Cites costs, but skips benefits ‚Äì Reuters responds
In a curious column, New York Times business writer Eduardo Porter claims that “many economists”, without citing any by name, think the cost of new federal fuel economy and emissions standards “actually outweigh the benefits.”
“A gas tax that goads drivers to choose gas-sippers,” he argues, is a more cost-effective way to achieve the environmental and social benefits of reduced petroleum consumption.
To build his case, Porter suggests the Obama administration was less than forthright in disclosing the full costs of new vehicle standards, which are projected to reduce oil usage by 12 billion barrels and significantly cut carbon emissions.
“The government didn’t mention, Porter writes, “that these improvements come at a high cost for drivers.”
Er, no. In fact, documents issued by the U.S. Environmental Protection Agency (EPA) and the National Highway Traffic Safety Administration (NHTSA) in support of the new regs contain detailed estimates on the cost of implementing new fuel-saving and emissions reduction technology, as Porter himself admits a few paragraphs down.
According to the government’s analysis the additional production and maintenance costs made necessary by the mileage rules will rise gradually to about $31.7 billion, which will add about $1,900 to the average price of cars and trucks.
It’s actually Porter who fails to mention significant facts, namely, that the increased cost to consumers for buying vehicles that comply with new fuel rules is far outweighed by the savings that come with buying less gas, because vehicles will go farther on each gallon
Net savings, after the cost of new technology is factored in, is about $8,000 over the life of a typical vehicle, according to EPA/NHTSA estimates. Put another way, the cost of driving goes down a lot more than the cost of buying a vehicle goes up. And the payback period begins the day you buy a new, more fuel- efficient car or truck. The purchase price of a new vehicle is typically stretched out over a multi-year lease or loan, lessening the sting of any higher vehicle costs. But the gas you don’t buy next week leaves more money in your pocket immediately.

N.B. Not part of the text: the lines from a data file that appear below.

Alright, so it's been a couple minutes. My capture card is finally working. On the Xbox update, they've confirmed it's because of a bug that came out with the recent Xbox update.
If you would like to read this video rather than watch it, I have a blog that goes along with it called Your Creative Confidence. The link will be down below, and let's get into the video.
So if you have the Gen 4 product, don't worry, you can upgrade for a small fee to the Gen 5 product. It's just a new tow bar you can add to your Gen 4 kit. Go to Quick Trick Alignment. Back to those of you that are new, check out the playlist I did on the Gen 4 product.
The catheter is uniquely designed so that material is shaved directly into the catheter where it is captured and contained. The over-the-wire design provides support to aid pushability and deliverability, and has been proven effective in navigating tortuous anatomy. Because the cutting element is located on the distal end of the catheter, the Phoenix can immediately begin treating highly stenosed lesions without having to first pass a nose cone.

Porter is on even shakier ground when claiming that other countries, such as the United Kingdom, achieve higher mileage for their vehicle fleet solely because they impose higher gas taxes. But the UK, along with other European and Asian countries, have never relied on gas taxes alone to improve fuel economy.

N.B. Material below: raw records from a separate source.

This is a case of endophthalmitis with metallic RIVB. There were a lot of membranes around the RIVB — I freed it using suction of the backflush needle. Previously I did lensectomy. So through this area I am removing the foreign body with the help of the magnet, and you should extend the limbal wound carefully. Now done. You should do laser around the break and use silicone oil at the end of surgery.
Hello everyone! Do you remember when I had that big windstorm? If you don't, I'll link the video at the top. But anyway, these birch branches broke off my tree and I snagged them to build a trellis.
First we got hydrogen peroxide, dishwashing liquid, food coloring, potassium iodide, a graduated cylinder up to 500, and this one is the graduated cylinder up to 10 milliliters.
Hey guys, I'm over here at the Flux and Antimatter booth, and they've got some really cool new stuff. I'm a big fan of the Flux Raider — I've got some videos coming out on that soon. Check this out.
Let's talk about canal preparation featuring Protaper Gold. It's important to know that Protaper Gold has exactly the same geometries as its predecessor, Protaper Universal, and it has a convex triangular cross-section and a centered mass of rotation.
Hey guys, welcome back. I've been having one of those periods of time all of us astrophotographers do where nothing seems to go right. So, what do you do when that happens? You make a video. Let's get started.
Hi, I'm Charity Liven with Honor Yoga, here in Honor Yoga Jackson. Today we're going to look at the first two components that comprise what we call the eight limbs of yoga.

Reuters finance blogger Felix Salmon fills in the blanks:
Porter is also right that in countries with higher gas taxes, fuel economy tends to be much higher. But he’s not necessarily right that the higher gas taxes alone are responsible. Porter implies that the US only has fuel-economy standards just because “a tax on gasoline doesn’t stand a chance” of being passed. But the fact is that even countries with very high gas taxes have fuel-economy standards as well. And, guess what, they’re significantly tougher than ours, and they always have been.
[T]he US still has pretty much the lowest fuel economy standards in the developed world and it still will in 2025, even after the new standards are fully phased in. If US carmakers want to be internationally competitive, they’re going to need to develop more fuel efficient cars, no matter what happens in the US.
Salmon’s last point is precisely right. Absent new fuel standards, if automakers continued to build 20-something mpg cars in the U.S., while 30 and 40 and 50 mpg vehicles were being made in Europe and Asia, which plants do you suppose would attract new investment, new product, and new engineering and design talent?
As Salmon notes, Porter concedes that this entire discussion is mostly academic, because “a tax on gasoline doesn’t stand a chance.”
Fuel economy standards, meanwhile, are supported by a three-to-one margin in public polls. How to go about replacing a politically popular policy with an unpopular one might be an interesting exercise in a seminar room somewhere. But in the real world, drivers need a break from high gas costs, U.S. manufacturing needs a boost, and our parched landscape requires relief from global warming.
The new fuel economy and emissions standard delivers on all counts, at a reasonable cost, and with broad public support.
Tiffany Ingram is the Natural Resources Defense Council’s Midwest Advocacy Director.